Instructions for the task –
Using the data below, reproduce exactly the lines from the line with "Kit bronzine di biella" to the line with "Hyundai Savannah Mobis PE Plant", both included; pictures must be dropped.

Data provided –

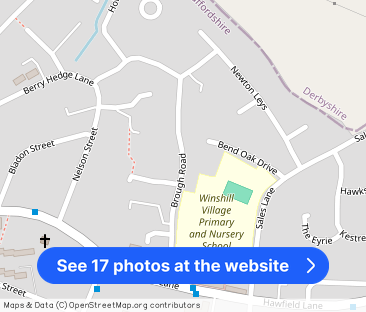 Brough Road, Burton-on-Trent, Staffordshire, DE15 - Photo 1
...
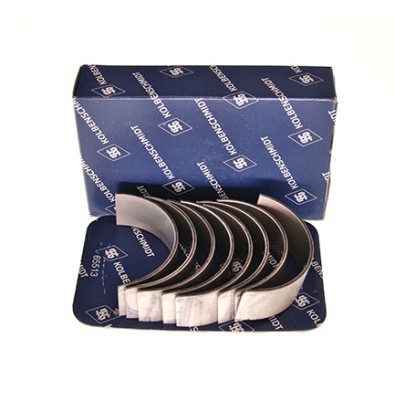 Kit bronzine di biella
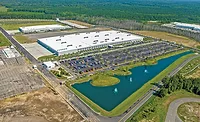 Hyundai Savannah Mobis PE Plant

Response for this exercise –
 Kit bronzine di biella
 Hyundai Savannah Mobis PE Plant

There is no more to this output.